The sophomore collection from duo Katie-Louise and Lilian Nicol-Ford brought the drama (the good kind) to the fore, leveraging their backgrounds in costume design and history to create a triptych of looks inspired by The Great Comet of 1811 and Tolstoy’s War and Peace. A community-cast selection of models donned slinky slip dresses, Grecian-inspired gowns and ruffled sleeves befitting of any number of Regency-era royals, accessorised by dramatically large jewels and towering stacks of hair.


7pm: Speed perfects new-age tailoring with edge

Sydney label Speed held their debut AAFW runway show tonight, with lead designer Alvina Chung crafting a collection that harnessed the power of contemporary tailoring and silhouettes. Pops of red – in the form of silky gloves, sheer bandanas and long leather-look scarves – punctuated the collection, culminating in a particularly noteworthy head-to-toe crimson ensemble that included a patent red trench with matching boots, and a metres-long red mesh veil.


Day five


10am: Alix Higgins is grounded in the mystical

In his second ever runway show, Alix Higgins Resort 2024 collection picked up right where he left off.

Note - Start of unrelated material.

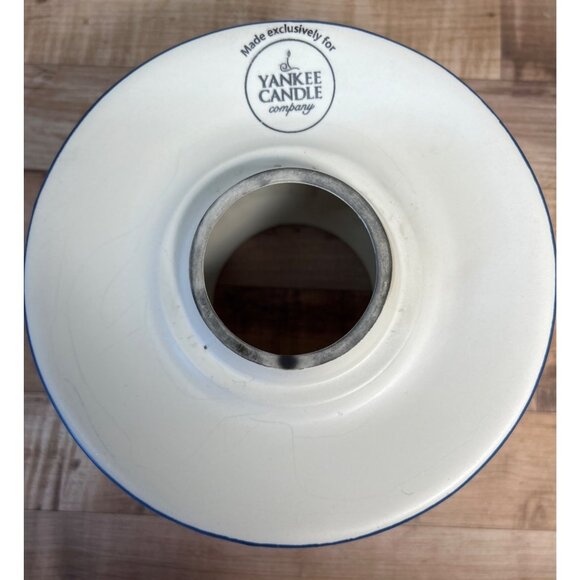 Yankee Candle Ceramic Tapered Jar Topper With Clothesline & Floral Design - Picture 5 of 5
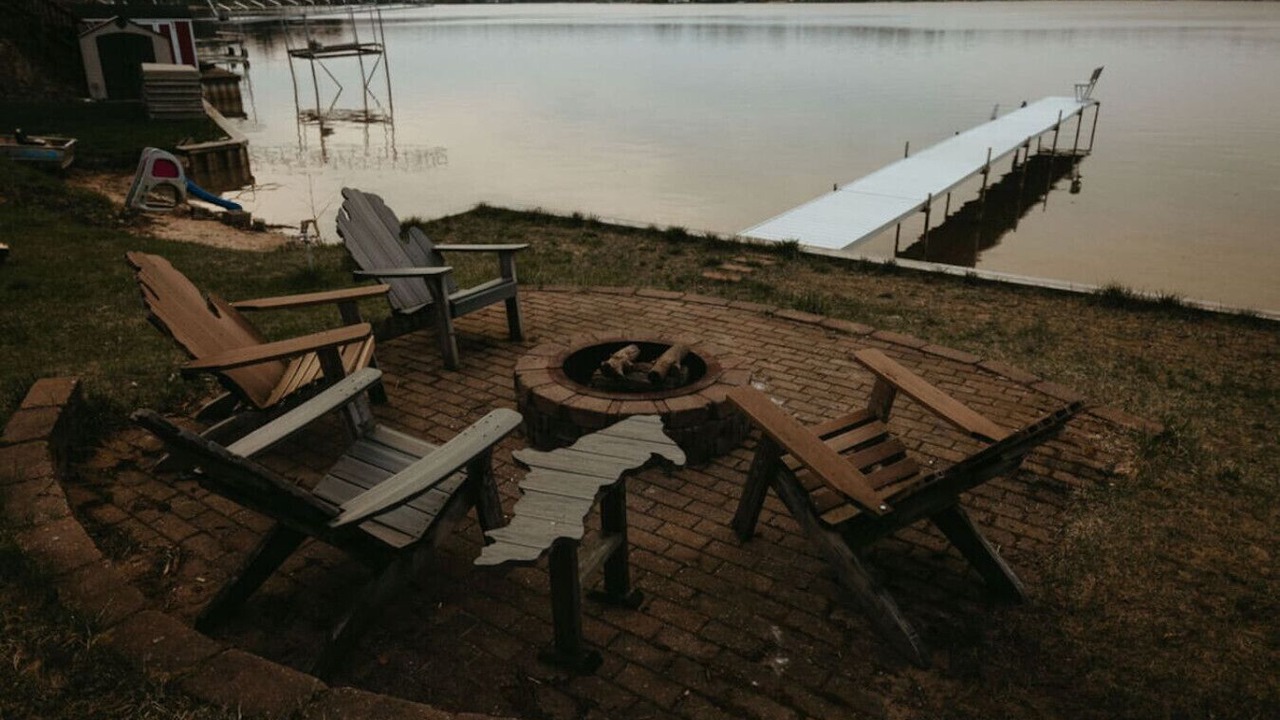 Photo of Outdoor in White Cloud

Letting his signature stretch fabric garments take centre stage once again, we were presented with striped rugby jerseys and mesh asymmetrical dresses printed with phrases – printed in Higgins' signature Arial font of course – from the humorous ("I was late to the party but I still drank the most") to the opaque ("In the dream it was all right"). Bare, dirt-smeared feet and printed cloth bags accompanied the looks down the runway, styled by RUSSH's own Charlotte Agnew.


4:30pm: Haulier

Sydney's Haulier International staged their debut in the afternoon, emphasising a cohesive palette of vibrant reds, oceanic blues and punchy yellows, garments practically crying out to be taken on a summer European vacation. The vibe felt very sporty-chic, an ode perhaps to the frequenters of your local yacht or country club – think button-down oxfords paired with shoulder-slung knits – but with a rock and roll edge, mesh tops, dark tint sunglasses, and black denim perforating the presentation. Makeup Director, Kristyan Low, kept complexions fresh and natural using The Ordinary products to prioritise healthy, radiant-looking skin.


6pm: Caroline Reznik closes the week with a lasting impression

Caroline Reznik's show opened with a choreographed pas de deux on the runway, perhaps a nod to her own former life as a professional ballerina, before segueing into the presentation of her latest collection. Closing out what has been a long and somewhat frantic week, Reznik showed exactly how you close out AAFW with a bang. Masterfully balancing the delicate with the dark, the collection felt something akin to a twisted fantasy that enmeshed brutalism and softness, enlisting distressed leathers and knits, but coexisting alongside lace lingerie, tulle tutus, and intricately beaded fringed dresses.